Every morning, Eden and Pollack walked to Pollack’s favorite cafe in a nearby retail strip for breakfast. Eden spent his days interviewing MSD teachers, administrators, students and parents. He found he could only stay in Parkland for a few nights at a time. Talking with traumatized people and learning more about Cruz left him feeling exhausted and dirty. He watched one source, a teacher who’d been at the school that day, sink into depression. He couldn’t sleep at all in Broward, nor well in Washington—only in his childhood bed at his parents’ home in Cleveland. So that summer he flew in a triangle, from Broward to Cleveland to Washington, then back for another round.

Andrew Pollack TOM WILLIAMS/CQ ROLL CALL/GETTY IMAGES

Pollack, meanwhile, could never turn off. “With Andy, it’s the same at 7:30 a.m. as it is at 11 p.m. as it is at 3 p.m.,” Eden said. “I don’t think he can do anything else.”

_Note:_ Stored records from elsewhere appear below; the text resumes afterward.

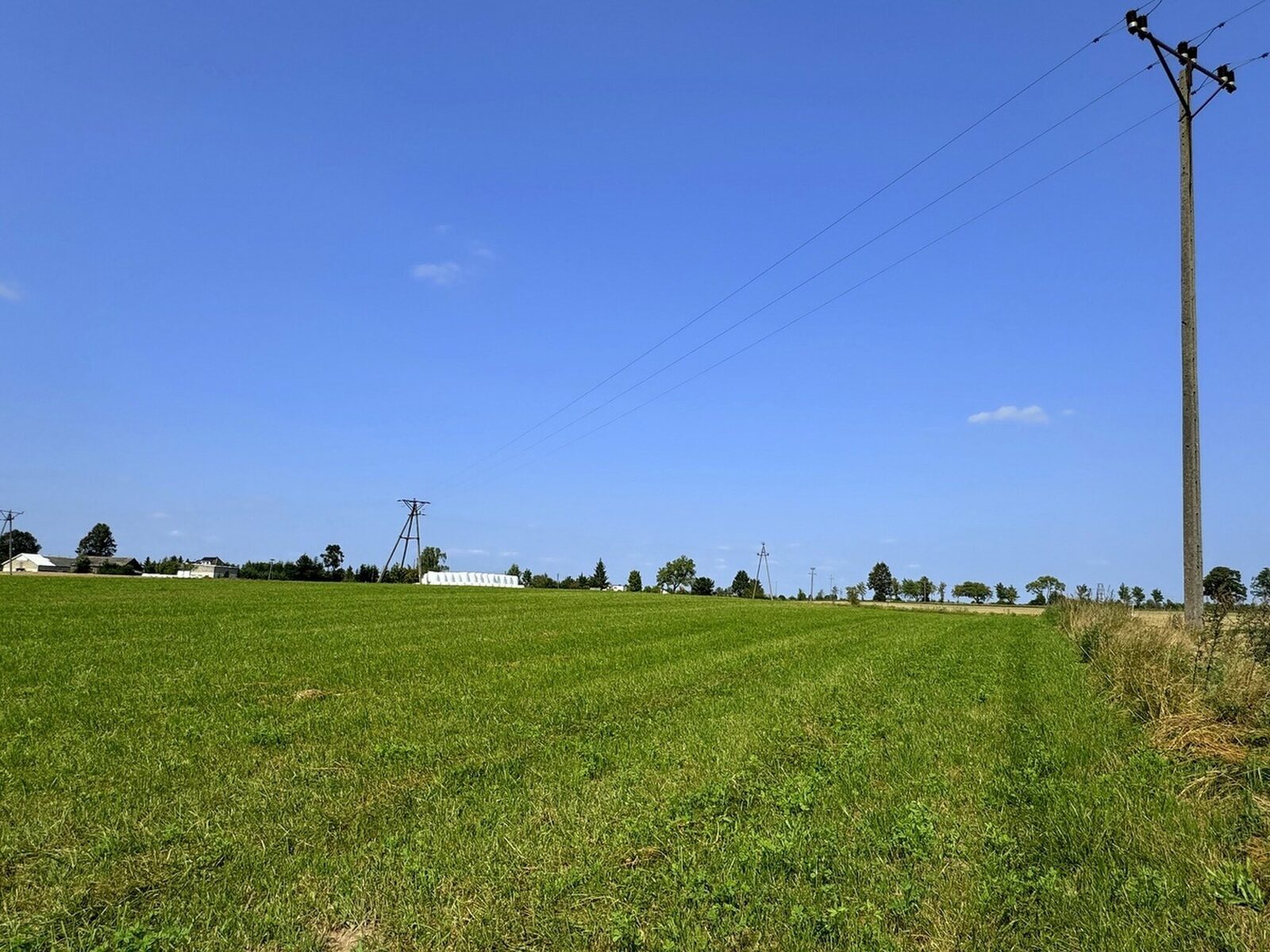 Zdjęcie 17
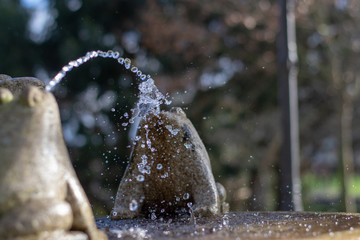fuente de piedra en la que dos ranas juegan a echarse agua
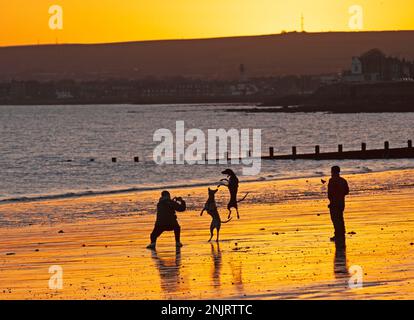 Portobello, Edinburgh, Schottland, Großbritannien. 23. Februar 2023 Schnappschüsse für diese zwei Hundefreunde am Meer am Firth of Forth, die Fotos von ihren beiden Hundebegleitern machen. Nippiettemperatur von minus 2 Grad Celsius. Kredit: Archwhite/alamy Live News. Stockfoto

“This is my life now,” Pollack would tell reporters—so many reporters he couldn’t remember whom he’d spoken to.

That summer, Pollack threw himself into the campaign to oust Runcie. At a backyard barbecue with other MSD families, Preston, Pollack and others brainstormed candidates. They hoped to elect three to four new school board members to form a five-seat majority that could unseat Runcie and shut down PROMISE. Preston and Pollack met with Lori Alhadeff and Ryan Petty, two parents of Parkland victims.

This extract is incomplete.